* GOAL OF THE EXERCISE: Make an exact copy of the records, and keep the pictures out of it.

* GIVEN RECORDS:

------------

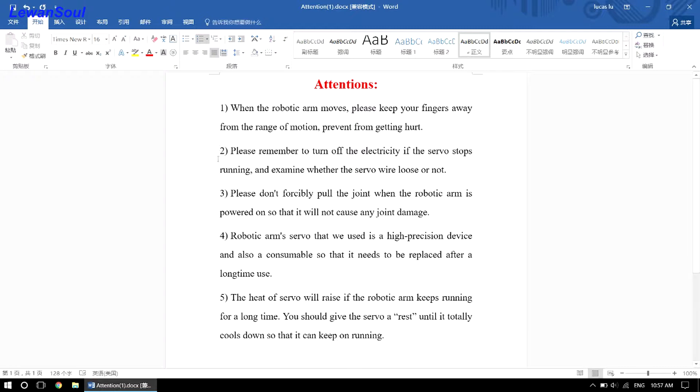Number two, please remember to turn off the electricity if the servo stops running, and examine whether the servo works well or not.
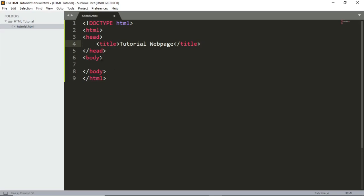HTML can technically be written in one line since formatting isn't strictly required, but it's much easier to read with proper indentation and separate lines. As a coder you should do that, because writing everything in one line makes it really hard to edit or find errors later.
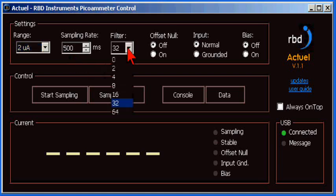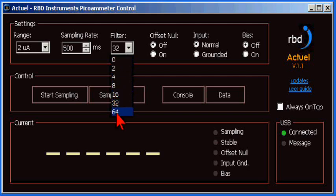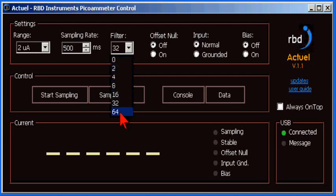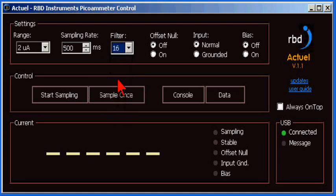You can also change the filter settings. The range is 0 for no filtering and 64 for maximum filtering. The filter sets the number of measurements that the A to D will average per sample time. The higher the filter setting, the more accurate the measurement is, but that also slows down the response time proportionally. A filter setting of 16 to 32 is typical.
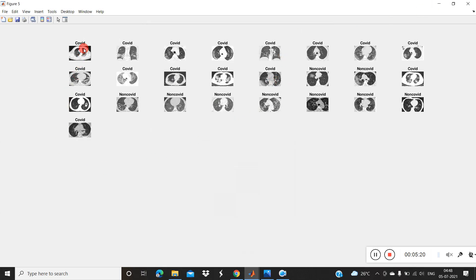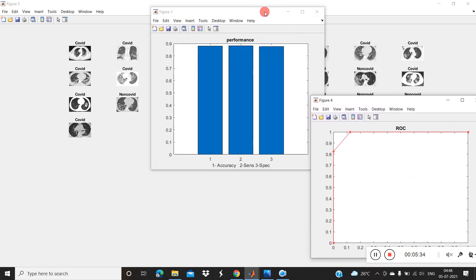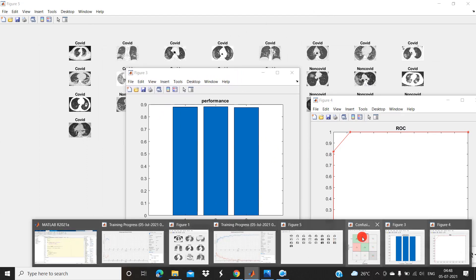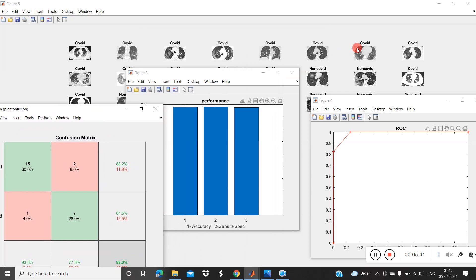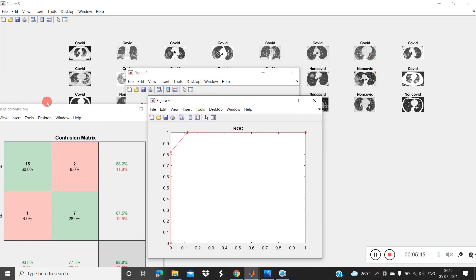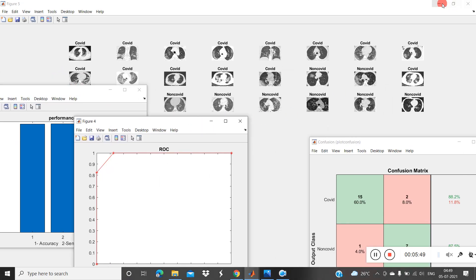These are some test images. This is a COVID sample — COVID, COVID, COVID, COVID, COVID. And these are the non-COVID images. The system has classified them correctly as COVID or non-COVID. Finally, we are getting the performance of the system along with the confusion matrix.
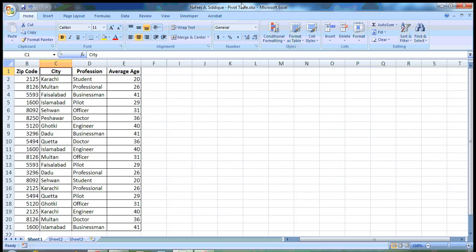Hello everyone, Nafik Siddiqui will teach you today how to make PivotTable in Excel. It's very simple. The use of PivotTable is that it will give you a summary of your data, the essence of it.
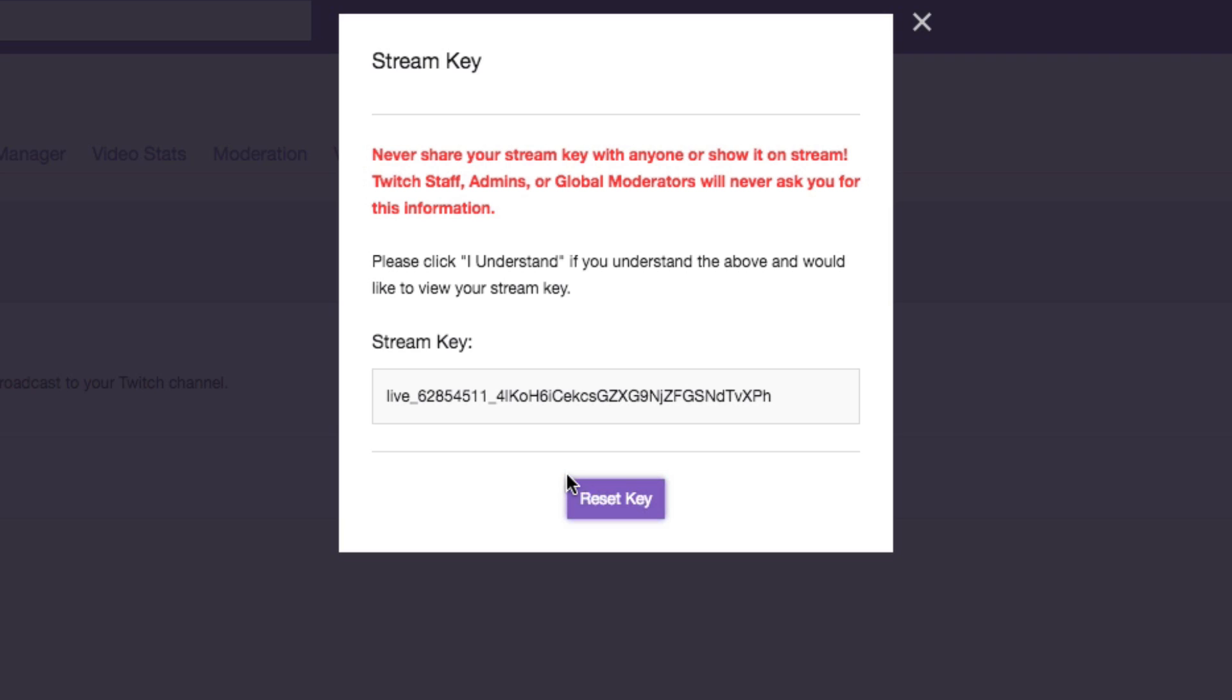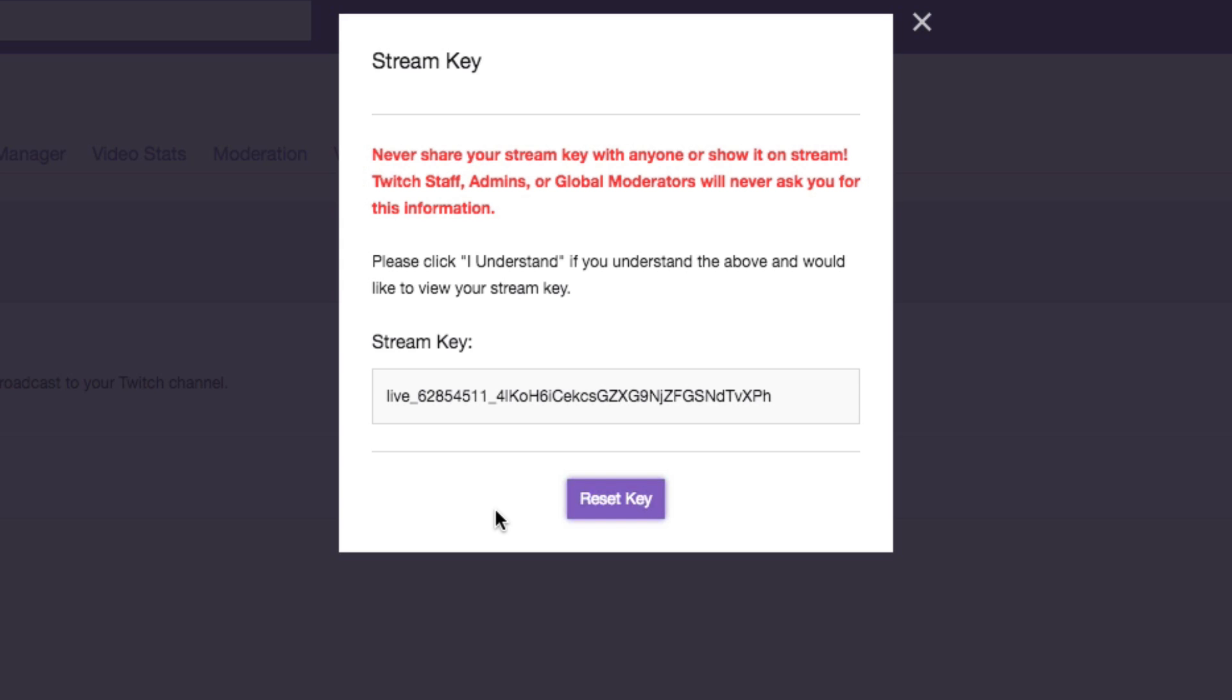So hopefully this video was helpful for you. If you're looking for other tutorials and videos to get you started streaming on Twitch, I will have those linked in the YouTube cards and in the description down below. Don't forget to subscribe and like this video, share it with your friends and family. And I will see you guys in the next one.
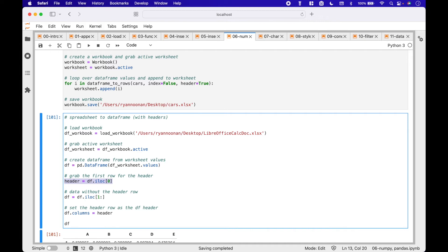First, we grab the first row of the dataframe that will become the header by using dataframe.iloc[0], which is index 0. Then we create the dataframe without the header row with dataframe.iloc starting at index 1 with a colon, so this will start at row index 1 and go to the end. And finally, we assign the header to the dataframe columns, and this will set the header row as the dataframe header.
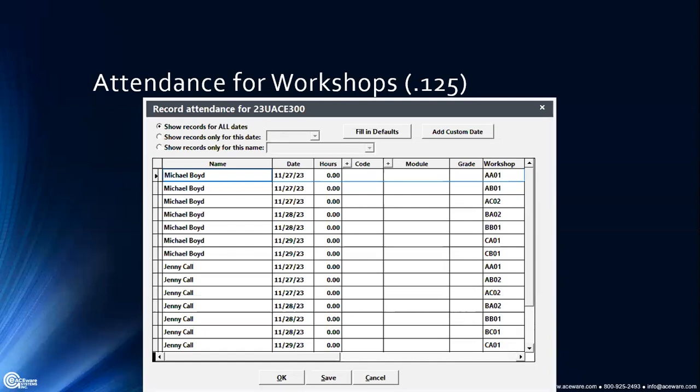Attendance for workshops — this has been a long time coming. It used to be that for a workshop course, attendance would just be per day, so a student like Michael Boyd would only have three date entries. Now it's listing every single workshop he is in — he's got workshops on the 27th, two on the 28th, etc. — and it shows the workshop codes off to the right so you can reference those as needed.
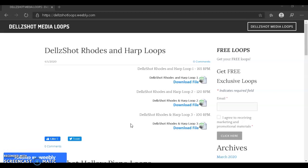Hey guys, Andel from Dellshot Media here. What you're looking at today is a website I created to give away free loops.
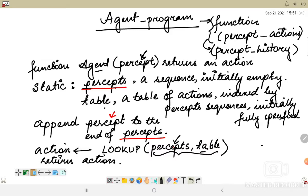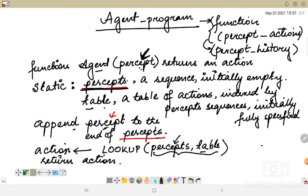To summarize: the agent takes a current percept as input, which is added to the percepts list — initially empty. The table of actions is indexed by percept sequences. The current percept is appended to the end of the existing sequence. The action is then decided via a lookup using the static values — the percepts and the table — and the result is the action the agent needs to perform.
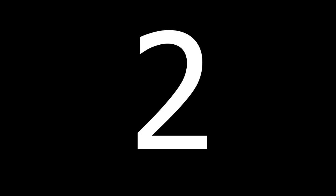But now coming in at number 2. Is my buddy. Instagram.jdrzking.reese. So, Reese actually got a Prime Icon Moment. A Varane. And a Kubo. And also a Verratti. That's a pretty cool pack if you ask me.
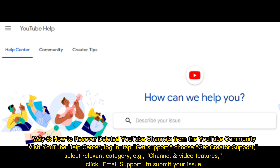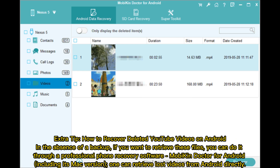Way six: How to recover deleted YouTube channels from the YouTube community. Visit YouTube Help, send login, tap get support, choose get creator support, select the relevant category — for example, channel and video features — then click email support to submit your issue.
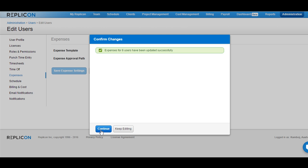Please be informed that in order to access web expenses, it is important that the web expense license is assigned to all these users in their user profile.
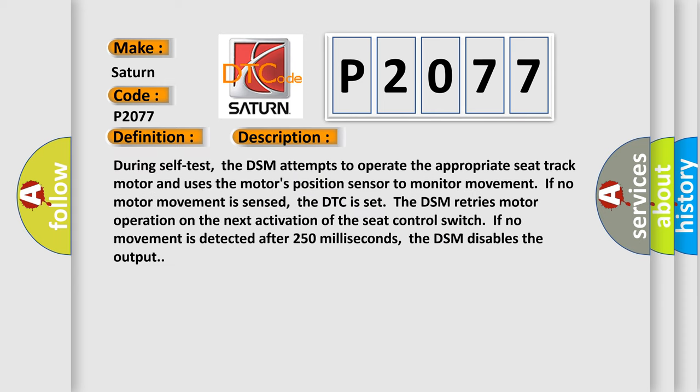And now this is a short description of this DTC code. During self-test, the DSM attempts to operate the appropriate seat track motor and uses the motor position sensor to monitor movement. If no motor movement is sensed, the DTC is set. The DSM retries motor operation on the next activation of the seat control switch. If no movement is detected after 250 milliseconds, the DSM disables the output.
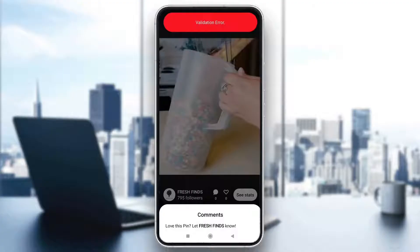Make sure to watch this quick and easy video till the very end and follow my steps correctly so you can make sure this works the same for you. Let's get straight into it.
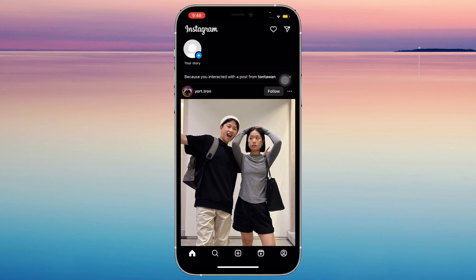If you search for an account on Google and add Instagram at the end, it may not show yours because you're not that popular. They only show the most searched people, so if you're trying to get on there and you're not really that popular, you won't be able to.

------------

* RESULT OF THE TASK:
Number two, please remember to turn off the electricity if the servo stops running, and examine whether the servo works well or not.
HTML can technically be written in one line since formatting isn't strictly required, but it's much easier to read with proper indentation and separate lines. As a coder you should do that, because writing everything in one line makes it really hard to edit or find errors later.
You can also change the filter settings. The range is 0 for no filtering and 64 for maximum filtering. The filter sets the number of measurements that the A to D will average per sample time. The higher the filter setting, the more accurate the measurement is, but that also slows down the response time proportionally. A filter setting of 16 to 32 is typical.
These are some test images. This is a COVID sample — COVID, COVID, COVID, COVID, COVID. And these are the non-COVID images. The system has classified them correctly as COVID or non-COVID. Finally, we are getting the performance of the system along with the confusion matrix.
Hello everyone, Nafik Siddiqui will teach you today how to make PivotTable in Excel. It's very simple. The use of PivotTable is that it will give you a summary of your data, the essence of it.
So hopefully this video was helpful for you. If you're looking for other tutorials and videos to get you started streaming on Twitch, I will have those linked in the YouTube cards and in the description down below. Don't forget to subscribe and like this video, share it with your friends and family. And I will see you guys in the next one.
First, we grab the first row of the dataframe that will become the header by using dataframe.iloc[0], which is index 0. Then we create the dataframe without the header row with dataframe.iloc starting at index 1 with a colon, so this will start at row index 1 and go to the end. And finally, we assign the header to the dataframe columns, and this will set the header row as the dataframe header.
Attendance for workshops — this has been a long time coming. It used to be that for a workshop course, attendance would just be per day, so a student like Michael Boyd would only have three date entries. Now it's listing every single workshop he is in — he's got workshops on the 27th, two on the 28th, etc. — and it shows the workshop codes off to the right so you can reference those as needed.
Hey guys, Andel from Dellshot Media here. What you're looking at today is a website I created to give away free loops.
To summarize: the agent takes a current percept as input, which is added to the percepts list — initially empty. The table of actions is indexed by percept sequences. The current percept is appended to the end of the existing sequence. The action is then decided via a lookup using the static values — the percepts and the table — and the result is the action the agent needs to perform.
But now coming in at number 2. Is my buddy. Instagram.jdrzking.reese. So, Reese actually got a Prime Icon Moment. A Varane. And a Kubo. And also a Verratti. That's a pretty cool pack if you ask me.
Way six: How to recover deleted YouTube channels from the YouTube community. Visit YouTube Help, send login, tap get support, choose get creator support, select the relevant category — for example, channel and video features — then click email support to submit your issue.
Please be informed that in order to access web expenses, it is important that the web expense license is assigned to all these users in their user profile.
And now this is a short description of this DTC code. During self-test, the DSM attempts to operate the appropriate seat track motor and uses the motor position sensor to monitor movement. If no motor movement is sensed, the DTC is set. The DSM retries motor operation on the next activation of the seat control switch. If no movement is detected after 250 milliseconds, the DSM disables the output.
Make sure to watch this quick and easy video till the very end and follow my steps correctly so you can make sure this works the same for you. Let's get straight into it.
If you search for an account on Google and add Instagram at the end, it may not show yours because you're not that popular. They only show the most searched people, so if you're trying to get on there and you're not really that popular, you won't be able to.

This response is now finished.